Readers of I Kick and I Fly by Ruchira Gupta will be inspired by the strong female characters as well as horrified by the novel’s sex trafficking theme. Set in northern India in a town called Forbesganj located in the state of Bihar, Gupta’s book reveals the story of fourteen-year-old Heera who intimately knows both hunger and homelessness. A member of the nomadic Nat tribe, Heera and her family are members of an oppressed caste. Her people used to be wrestlers and performers, but “overnight [they] were told [they] couldn’t do those things anymore, that [their] entire way of life was illegal” (283). Seeking to survive, they were forced to ask people for a place to live and then sought employment in any job available. One of those jobs was having sex with people for profit.

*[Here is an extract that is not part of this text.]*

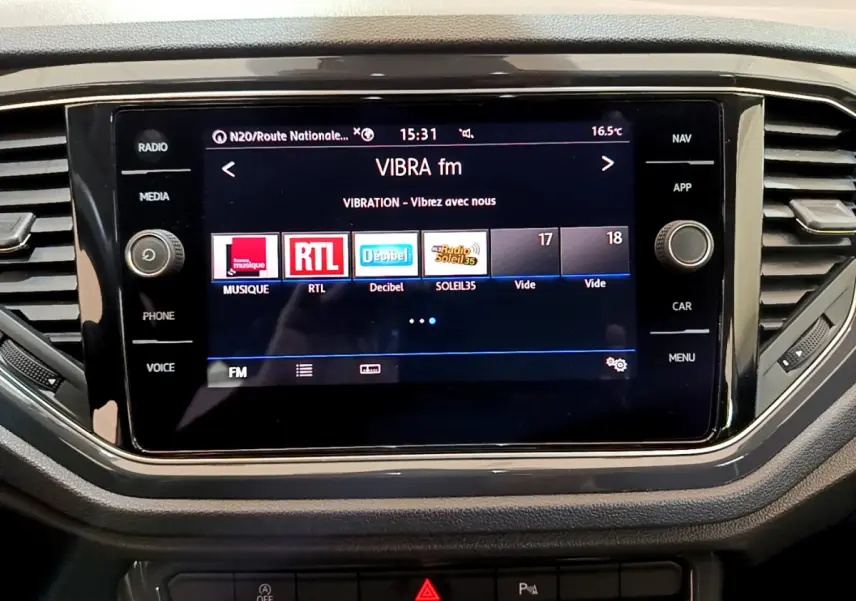 Écran tactile central allumé affichant les radios FM dans l’habitacle du Volkswagen T-Roc blanc.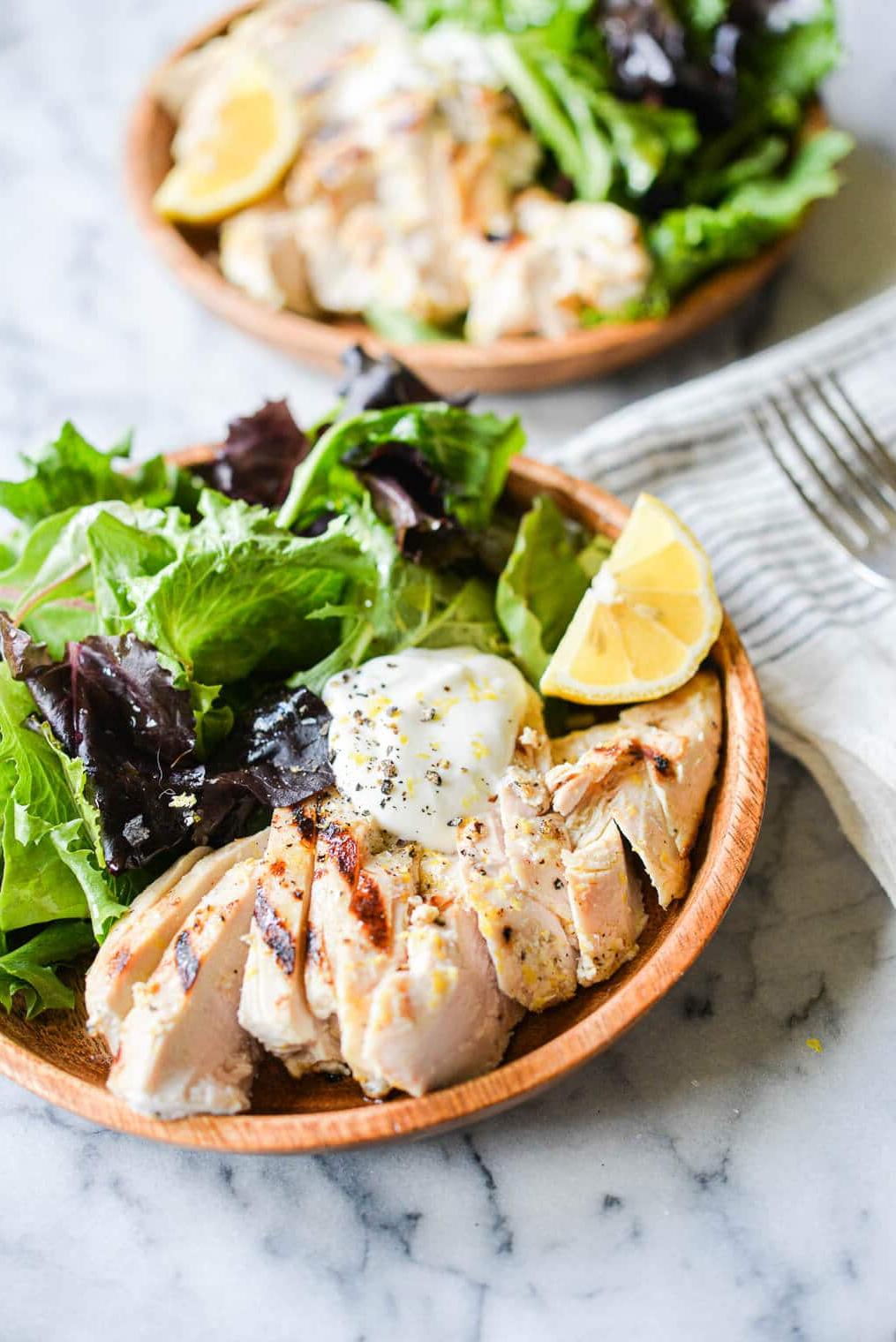Zitronenpfeffer-Joghurt-Grillhähnchen 5 Geschnittenes Zitronen-Pfeffer-Joghurt-Hähnchen vom Grill, serviert in einer Schale auf gemischtem Salat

Even though she hasn’t won the birth lottery, Heera takes inspiration from Bruce Lee and vows that she will not trade her dreams for kung fu and an education for the beatings and torture of prostitution because of superstition and cultural dogma. Despite her efforts and those of her mother and because of his addictions, his ego, and Nat customs, Heera’s father objects to Heera’s dreams. He announces that Heera has been marked to be sold; she has a one year reprieve.
Thinking of running away to Nepal, Heera wishes to join her uncles, train to become a wrestling champion, a pehelewan, and win prize money. As usual, her brother Salman—a caring, kind, and responsible young man who hopes to be a physicist—urges her to use logic. Because Heera is a girl, such dreams are out of bounds for her.
With the sponsorship of Rini Di—the novel’s real hero—Heera does train in kung fu. She becomes fast, focused, and flexible. Through the art of kung fu, Heera learns to defend herself. She realizes that “size is never a true indication of muscular power and efficiency” (308). She also gains certain comforts and the camaraderie of her teammates as she competes. Still, she feels guilt, guilt that Salman has sacrificed his dreams for her, guilt that her mother and baby sister suffer, and guilt that other girls must experience bodily violation. Heera wonders how she can help, how she can inspire other at-risk children, and how she can effect change.
Under the influence of the activism of Rini Di, Heera is determined to win some victory for humanity. Her fear pales in comparison to her desire to help others and the world. After all, the problem of human trafficking is a global one. According to Rini Di, the criminal rings are big and work across countries. Gupta also shares statistics from the United Nations Office for Drugs and Crime that human trafficking is the second largest organized crime in the world, involving billions of dollars.
Heera’s story is one of hope in the face of great odds. It’s about how our bodies belong to us alone and how a community that resolves to make change contagious can succeed when they bond together to combat evil. Inspired by his daughter’s accomplishments, Baba finds pride in Heera, a pride which motivates him to seek his own self-respect.